Add 1 tsp minced garlic and the 4 oz can diced green chiles; cook, stirring, about 1 minute.
Stir in 1.5 tsp ground cumin and 1/4 tsp ground chipotle or cayenne and cook about 1 minute more to bloom the spices.
Add 2 lb ground turkey and 1 tsp salt; break the meat apart with a turner and cook until the liquid has evaporated and the turkey begins to lightly brown, stirring occasionally. Do not rush browning.
While the turkey cooks, thinly slice 1/2 cup green onions and finely chop 1 cup cilantro; wash and dry the cilantro first.
Peel and dice avocado (if using), place in a bowl and toss with 2 T fresh lime juice; stir in chopped tomato and chopped cilantro and season with salt to taste.

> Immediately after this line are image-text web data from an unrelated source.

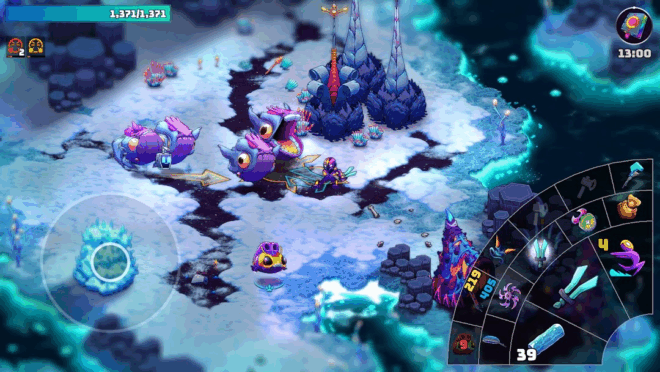 Crashlands 2 Crashlands 2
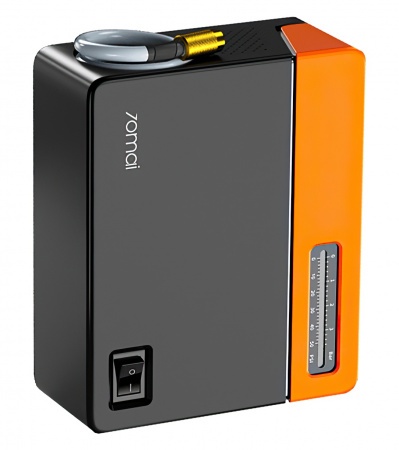 Купить Xiaomi 70mai Compressor Eco (Midrive TP04)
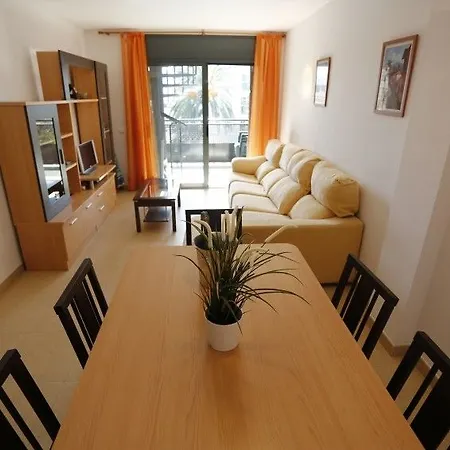 Rentalmar Pins Marina Daire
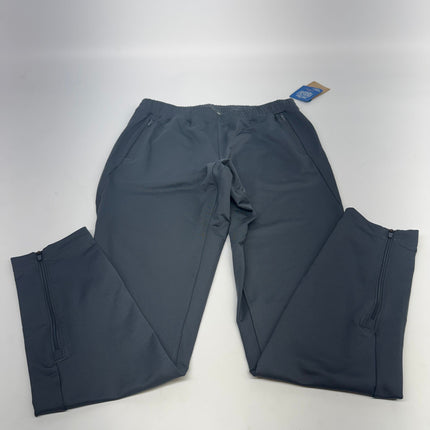 Brooks Spartan Running Pants Black Men Size S New
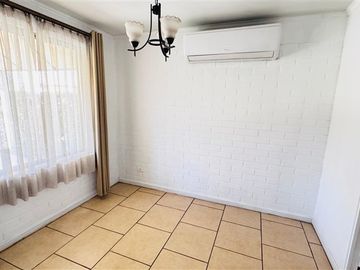 Casa en Venta en villa barrio plaza, quilicura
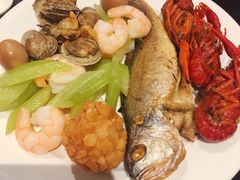 -上海佘山世茂艾美酒店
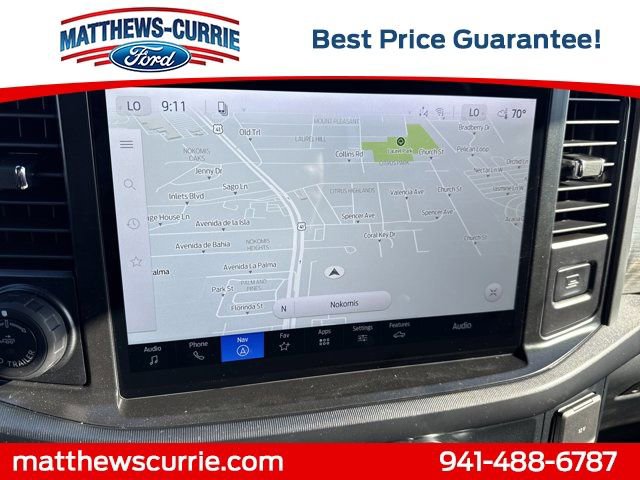 New 2026 Ford F150 Lariat image 19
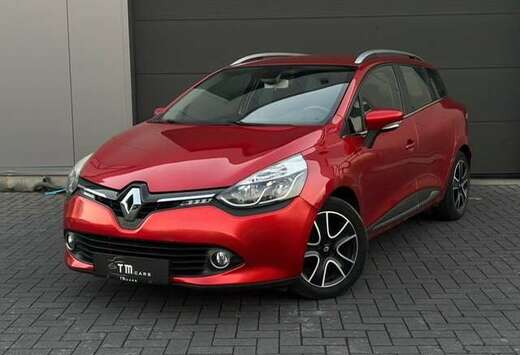 Renault navigatie/cruise controle/automatische airco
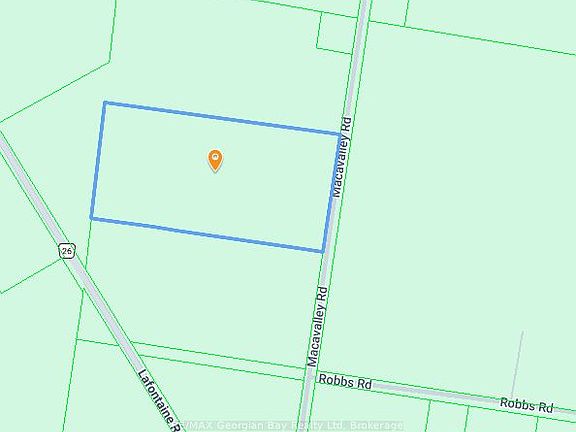 5th image of LOT 33 Macavalley Rd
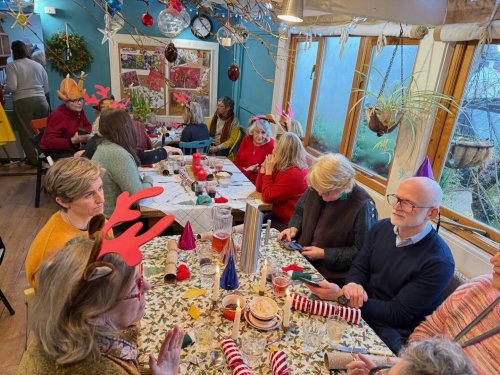 Photo post from gardenhousebrighton.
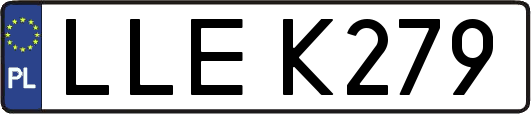 LLEK279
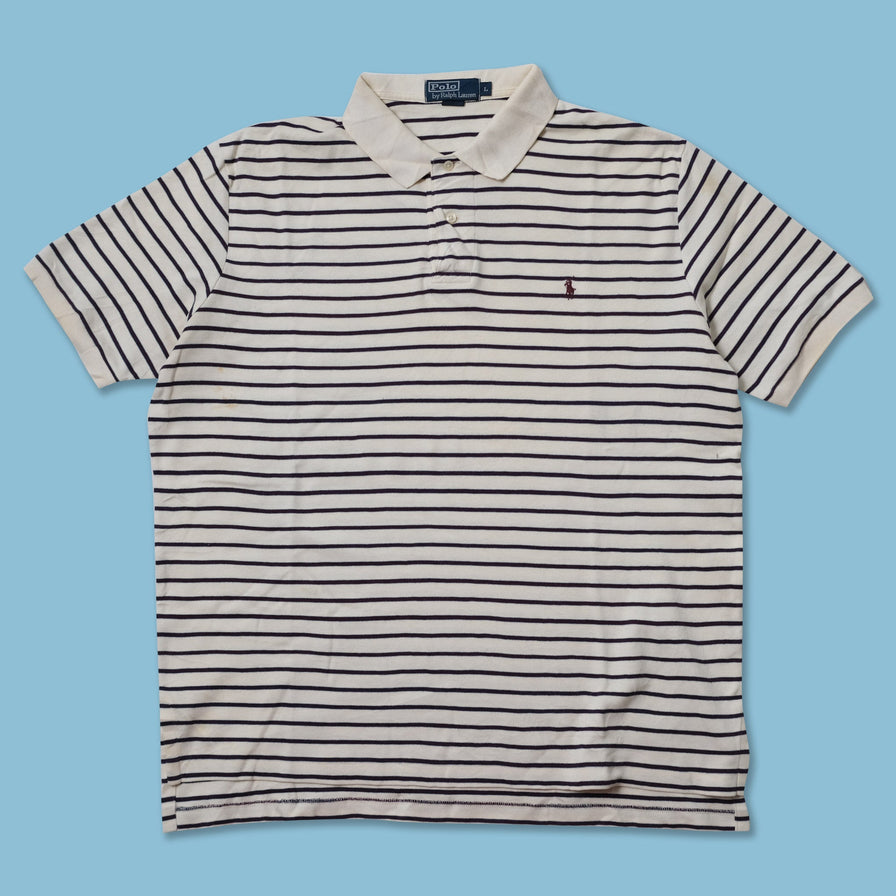 Vintage Polo Ralph Lauren Polo Large / XLarge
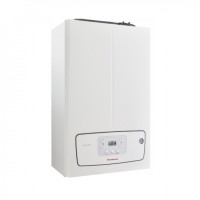 Котел газовий конденсаційний Immergas Victrix Tera V2 32 EU конденсаційний двоконтурний 32кВт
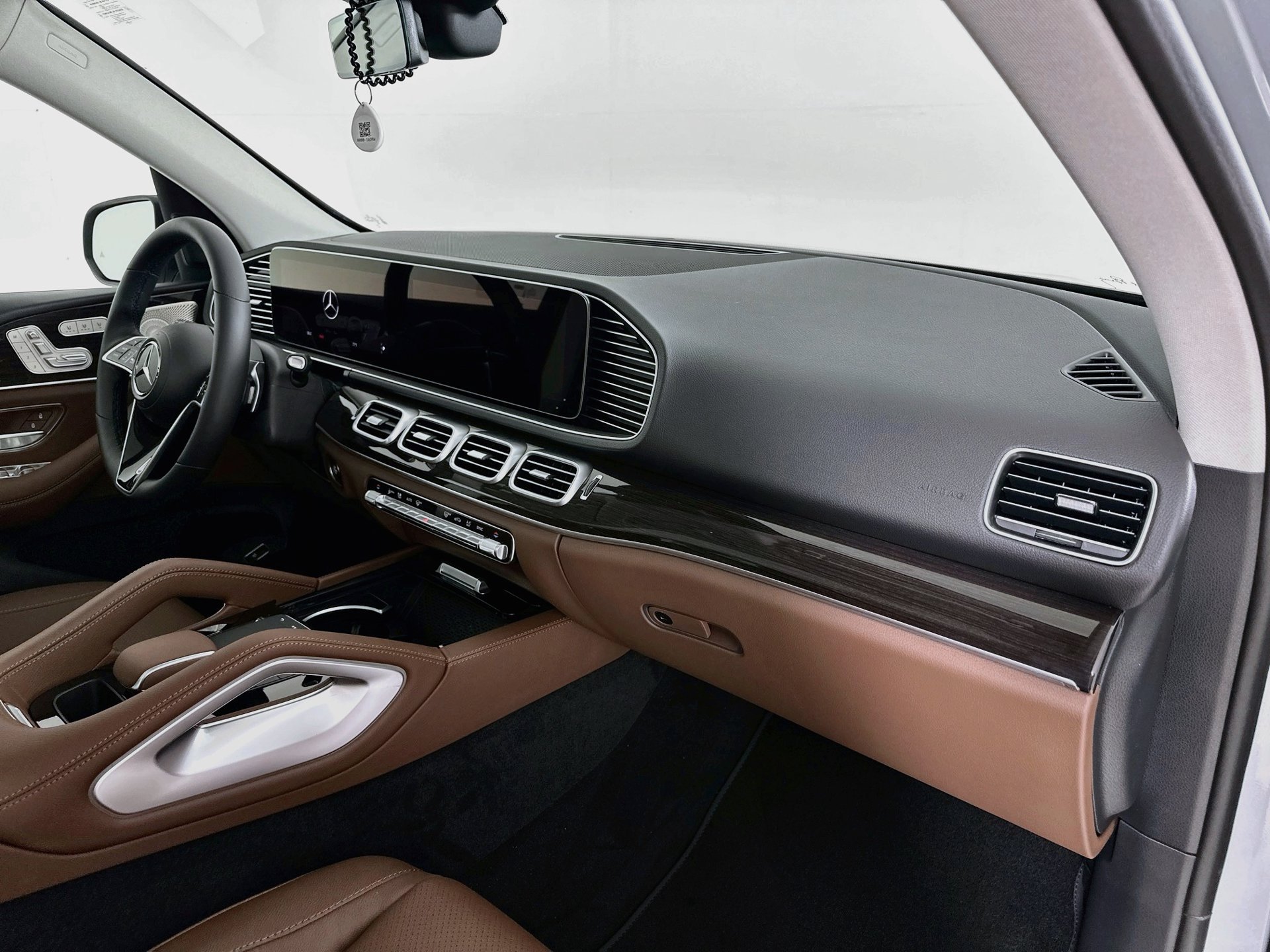 New 2026 Mercedes-Benz GLE 450 4MATIC image 31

Cut off the root end of the iceberg lettuce, remove the core and discard tough outer leaves; cut remaining head into quarters to form cups for filling.
When the turkey is lightly browned, add the sliced green onions and cook 1–2 minutes more.
Remove the pan from heat and stir in the cup of chopped cilantro and 2 T lime juice; adjust seasoning with salt if needed.
Spoon turkey mixture into lettuce cups and top with the avocado–tomato–cilantro mixture as desired.